### Excerpted data
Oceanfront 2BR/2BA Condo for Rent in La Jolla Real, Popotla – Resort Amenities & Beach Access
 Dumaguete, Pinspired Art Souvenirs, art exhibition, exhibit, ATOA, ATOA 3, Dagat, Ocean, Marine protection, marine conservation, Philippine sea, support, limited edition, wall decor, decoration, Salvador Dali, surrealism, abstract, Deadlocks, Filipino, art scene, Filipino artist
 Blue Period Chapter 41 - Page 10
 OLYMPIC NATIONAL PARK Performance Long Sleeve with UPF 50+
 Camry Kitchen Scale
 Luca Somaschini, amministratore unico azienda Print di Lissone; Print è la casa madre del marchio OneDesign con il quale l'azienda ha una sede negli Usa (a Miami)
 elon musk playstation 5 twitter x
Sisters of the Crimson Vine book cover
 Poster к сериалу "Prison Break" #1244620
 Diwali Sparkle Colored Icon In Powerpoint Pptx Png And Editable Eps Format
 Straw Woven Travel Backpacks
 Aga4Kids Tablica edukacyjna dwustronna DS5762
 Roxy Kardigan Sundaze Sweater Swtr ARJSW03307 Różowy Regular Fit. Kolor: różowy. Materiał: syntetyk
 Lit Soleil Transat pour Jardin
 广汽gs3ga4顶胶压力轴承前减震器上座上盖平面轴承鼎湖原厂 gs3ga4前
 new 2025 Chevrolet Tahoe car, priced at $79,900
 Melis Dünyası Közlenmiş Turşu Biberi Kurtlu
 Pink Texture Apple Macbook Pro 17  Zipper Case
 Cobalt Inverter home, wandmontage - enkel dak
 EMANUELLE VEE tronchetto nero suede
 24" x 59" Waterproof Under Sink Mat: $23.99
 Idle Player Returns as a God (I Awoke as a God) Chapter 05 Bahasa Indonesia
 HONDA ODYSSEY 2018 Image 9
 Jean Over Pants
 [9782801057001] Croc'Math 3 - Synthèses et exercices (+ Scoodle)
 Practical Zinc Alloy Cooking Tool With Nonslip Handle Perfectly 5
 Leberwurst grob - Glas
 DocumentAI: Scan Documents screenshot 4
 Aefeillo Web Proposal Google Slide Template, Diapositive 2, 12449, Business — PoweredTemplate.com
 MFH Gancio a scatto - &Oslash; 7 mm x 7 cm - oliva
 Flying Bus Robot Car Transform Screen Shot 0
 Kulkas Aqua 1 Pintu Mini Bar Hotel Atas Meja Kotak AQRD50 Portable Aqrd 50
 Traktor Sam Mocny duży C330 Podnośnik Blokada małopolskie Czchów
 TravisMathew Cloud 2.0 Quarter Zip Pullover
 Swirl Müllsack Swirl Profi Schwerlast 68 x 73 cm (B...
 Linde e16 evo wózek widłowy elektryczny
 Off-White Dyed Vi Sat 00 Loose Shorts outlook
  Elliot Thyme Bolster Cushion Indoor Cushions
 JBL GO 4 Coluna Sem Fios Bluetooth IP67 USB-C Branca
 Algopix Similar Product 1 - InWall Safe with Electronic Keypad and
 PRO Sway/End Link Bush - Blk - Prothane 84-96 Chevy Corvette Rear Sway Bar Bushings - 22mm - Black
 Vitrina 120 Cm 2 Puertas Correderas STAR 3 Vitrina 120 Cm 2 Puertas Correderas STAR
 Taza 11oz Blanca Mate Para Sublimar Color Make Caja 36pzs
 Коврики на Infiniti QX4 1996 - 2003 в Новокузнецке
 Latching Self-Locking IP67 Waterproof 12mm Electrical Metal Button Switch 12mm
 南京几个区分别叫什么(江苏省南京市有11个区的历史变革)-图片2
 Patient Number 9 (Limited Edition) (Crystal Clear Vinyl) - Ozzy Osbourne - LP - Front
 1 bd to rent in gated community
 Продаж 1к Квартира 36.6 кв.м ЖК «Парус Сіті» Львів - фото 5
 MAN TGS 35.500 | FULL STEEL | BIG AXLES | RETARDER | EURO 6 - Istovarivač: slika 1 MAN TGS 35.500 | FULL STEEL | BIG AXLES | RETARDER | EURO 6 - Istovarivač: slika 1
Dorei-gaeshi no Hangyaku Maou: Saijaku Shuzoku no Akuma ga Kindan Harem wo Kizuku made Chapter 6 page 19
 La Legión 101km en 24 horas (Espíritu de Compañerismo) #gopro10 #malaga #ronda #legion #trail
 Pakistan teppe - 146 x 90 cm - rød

### About this task
Your answer should be the lines above from the one containing "Lit Soleil Transat pour Jardin" through the one containing "Cobalt Inverter home, wandmontage", copied exactly and with both ends kept.

### Reply to the exercise
 Lit Soleil Transat pour Jardin
 广汽gs3ga4顶胶压力轴承前减震器上座上盖平面轴承鼎湖原厂 gs3ga4前
 new 2025 Chevrolet Tahoe car, priced at $79,900
 Melis Dünyası Közlenmiş Turşu Biberi Kurtlu
 Pink Texture Apple Macbook Pro 17  Zipper Case
 Cobalt Inverter home, wandmontage - enkel dak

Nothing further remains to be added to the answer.